ランサムウエアのみならず、マルウエア(悪意あるソフトウエア)の感染被害は、ICT問題に関心の低い社員や下請け企業を踏み台にして行われるケースが圧倒的に多い。このように、社員間のデジタルデバイドが著しい企業は潜在的に、サイバー攻撃に対するセキュリティリスクが増大する傾向にあることを認識しておくべきだろう。
⑤デジタル弱者社員の孤立による組織力の低下
「デジタル弱者」となった社員は、デジタル化が進む企業において人的パワーに組み込まれず、組織の中で孤立感を深めていく。そういった社員が増えていくと、組織力そのものが衰弱していくことになる。
例えば従来は、デジタルには疎くてもコミュニケーション能力の高い社員が、顧客回りなどで営業成績を積み上げてきたものだが、非接触型営業が前提となった昨今では、それも発揮できない。社会全体のデジタル化が進めば、そういったアナログ型社員は、ますます能力を発揮する舞台を奪われていくことになる。
また、働く人にとっても、ITスキルやICTリテラシーのレベル差は、昇進機会や待遇・収入の格差へとつながる切実な問題となり、労働意欲の低下へとつながっていく。このように社員間のデジタルデバイドは、組織力や企業活力を低下させる恐れもあるのだ。
デジタルデバイド解消に有効な対処法は?
では、デジタルデバイドの弊害に陥らないために、企業がとるべき対応策は何だろうか――。ここからは、デジタルデバイド問題を解消するために、企業がとるべき有効な方策を検討していきたい。
◎まずは、自社内の「デジタルデバイド度」を把握する
まず着手すべきは、企業内に存在するデジタルデバイドの進行度を「見える化」することである。全社員にICTリテラシーやITスキルに特化したアンケートを実施する、あるいは同種の社内検定を制度化するのも一案だ。
収集した結果は一定の基準を設けて数値化し、役職、部署、職務、世代といった項目別に比較検討したい。こうすることで、企業内のどこで最もデジタルデバイドが顕著なのか、ピンポイントかつ定量的に把握できる。なぜそのような結果となっているのか、原因と改善のための仮説を考察することも重要だ。
概してこういった調査は反発を受け実施しにくいものだが、企業DX推進のために必要不可欠といった認識を社内に浸透させて遂行したい。
◎IT機器やICTに特化した社員教育の推進
社員のデジタル対応能力を均質化しつつ向上させるには、社員教育を制度化し、自発的にICTリテラシーを向上させることができる「学び」の環境を整備することが効果的だ。社内で行う講習会や勉強会のほかに、社外の教育専門企業での学習も支援する制度などが有効であろう。

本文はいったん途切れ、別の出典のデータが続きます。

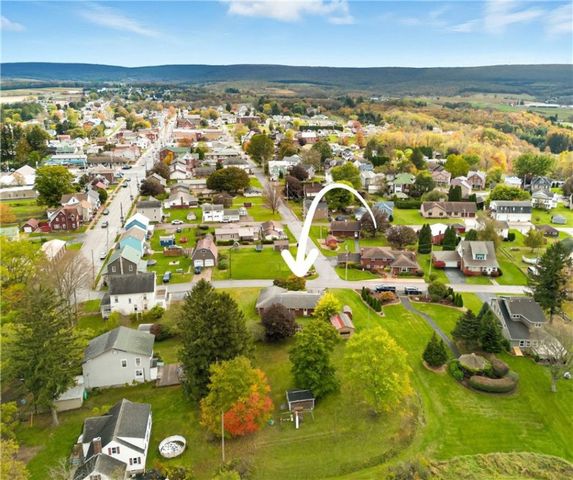 309 High Street, Berlin, PA 15530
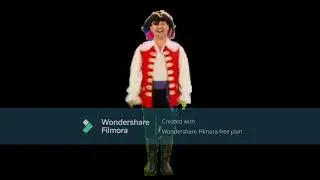 Captain Feathersword (Latin Spanish) (Diego Topa) Voice for Alex Lancaster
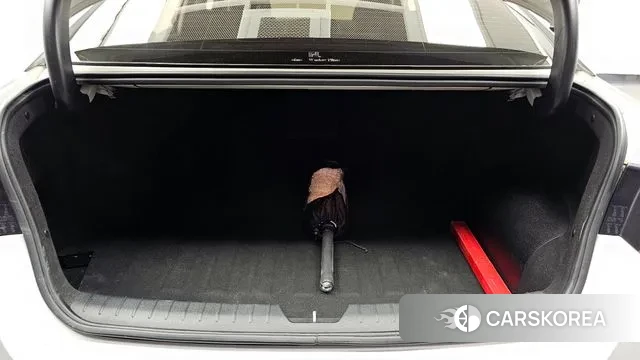 Kia K5 Hybrid 2nd Generation id 3403245 из Кореи 11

ICTリテラシーの低い社員には、IT機器を日常的に利用できるハード環境をオフィス内に整え、「習うより慣れろ」の手法で、情報弱者からの脱却を支援していきたい。また、社員がトレーナーになって、仕事に活かすためにICTをいかに活用すべきかを指導する、社内勉強会なども効果があるだろう。
◎DX人材を育成するためのリスキリングの実施
デジタル対応能力が一定のレベルにある社員は、さらにスキルを磨き、企業DXの推進者となれる人材に育成したい。国の政策でもその重要性が指摘されている「リスキリング(Reskilling)」である。
リスキリングとは、「新しい職業に就くため、あるいは今の職業で必要とされるスキルの大幅な変化に適応するために、必要なスキルを獲得すること」だ。近年、DXを急務の課題とする企業の間では、DXによって新たに必要となる業務・職種に順応できるように、社員にリスキリングを推奨・支援するところが増えている。

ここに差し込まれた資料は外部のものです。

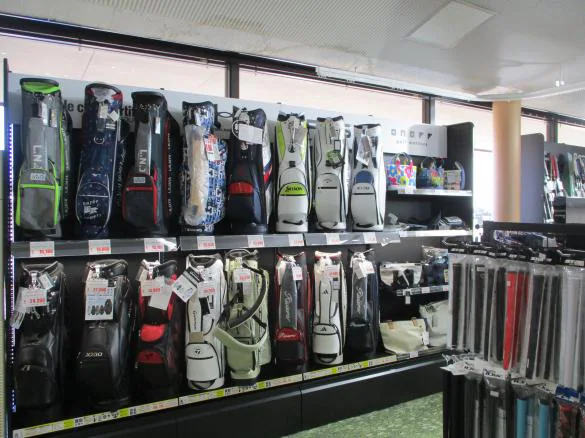 Images ゴルフパートナー 西港ゴルフウエスポ店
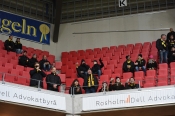 Publikbilder från Kalmar-AIK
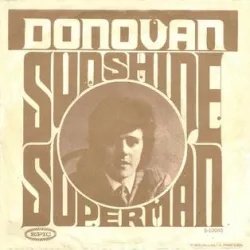 Sunshine Superman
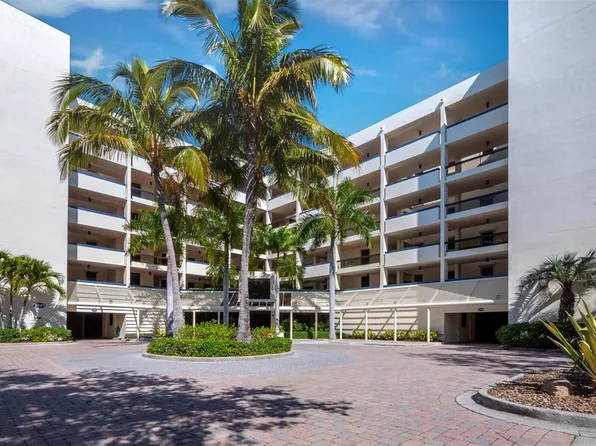 2020 Harbourside Dr Unit 417, Longboat Key, FL 34228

とりわけ、やる気のある、吸収力の高いZ世代にリスキリングによる能力開発を推奨すれば、デジタルデバイドの解消と企業DXの推進が一石二鳥で行えるはずだ。例えば、ある大手製造業では、従来は外部発注していた自社製品用のアプリケーション開発を内製化するために、プログラミング技術の修得を若手の非デジタル人材に推奨し、DX人材の育成に成功している。また某大手化粧品メーカーでは、オンラインコマースをDXの柱と位置づけ、若手から希望者を募り、ネットでのライブ配信販売、SNSとWebサイトの連動などの技術を修得させて、新たな販路の構築につなげた。このように、非デジタル人材であっても、やる気と吸収力があれば、DX人材は社内で育てることができるのだ。
◎情シスを疲弊させない制度やシステム整備
デジタルデバイド問題でよくある現場の悩みが、IT関連のトラブル・困りごとが全て情報システム担当者に持ち込まれる「負の一極集中化」である。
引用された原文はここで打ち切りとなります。